Amanda barely heard her. All at once she felt herself drowning, overwhelmed in the thick hopelessness and cruelty of her fate. No matter how hard she ran or studied or played or swam, it was never enough. It was like a wall of water, a huge wave curling over you and swallowing you up.

“Use this Kleenex. You are far too hard on yourself. Pull yourself together! Let me continue. U.S. history—AP. An alpha minus from our friend Mr. Steele. He gave only two A’s and two A minuses. Comment: ‘I have always liked this girl. No hyperbole, careful preparations, comments always on point, as reliable as a Swiss clock.’ Amanda, Amanda!”—Miss Rodman reached across the coffee table and took one of the girl’s hands in her own—“That is rare praise from Mr. Steele. He’s a tremendous judge of young people!
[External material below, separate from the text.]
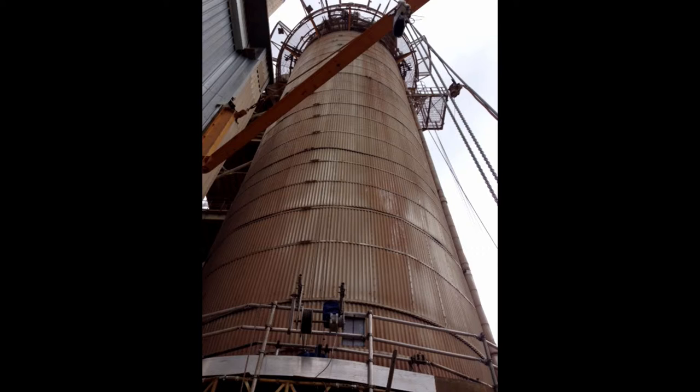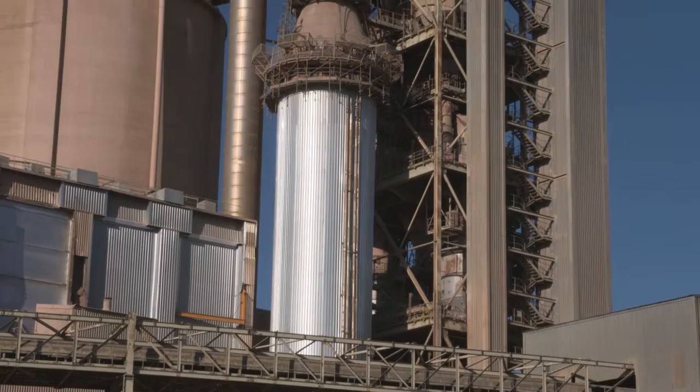The crane lifted the tower's 70 steel 2x4-metre panels, each weighing 600 kilograms, up to the cradle where they were welded in.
“AP biology. B plus. The same comments. Here is one: ‘No one works more systematically, more carefully in the lab.’ And for the last, the best, a bright brave flag of Alpha, a straight A from our dear headmaster. He says you are an angel and that if Housman wrote poems about girls instead of boys, you would have been what he was talking about. Want a sentence? ‘I suspect this lovely girl will be a poet. Her understanding of Housman and Hopkins is intuitive and complete. She has a scholar’s serenity. She radiates a quiet confidence...’ You see what your headmaster thinks of you. That’s worth every silly SAT score laid end to end from here to the moon.”

Quiet confidence, Amanda thought.

“Does that make you feel better?”

No, it did not. The poetry course wasn’t AP. No one took it seriously at St. Matthew’s or, probably, at Dartmouth...

“So a C and two B pluses, and an A minus and an A.” If your most recent SATs lift you over 1300 then I should have thought Dartmouth would be quite doable.” Miss Rodman looked at the door to the study, and Amanda turned to see what she was looking at.

A healthy, glowing girl, just shy of stout, her hair in a symmetrical, perfectly prepared French braid, taffy-blond hair pulled back from her temples with such force that it seemed to make her eyes stretch farther from each other, looked at them brightly.

“Ah, Sumner Buck, come in, come in. Amanda and I were just finishing up. I’ve good tidings for you, Dear. Goodbye, Amanda. Courage, mon vieux. How are you, Sumner? Sit right over here.” The phone rang. “Let me take this, don’t mind the smoke. . . . ”

Closing the door, Amanda could make out two words, both Miss Rodman’s: Princeton. Calculus. If she had taken Calculus, she would have failed even if she’d stayed up all night for a month. The ice could have been a foot thick, and still she’d have fallen through.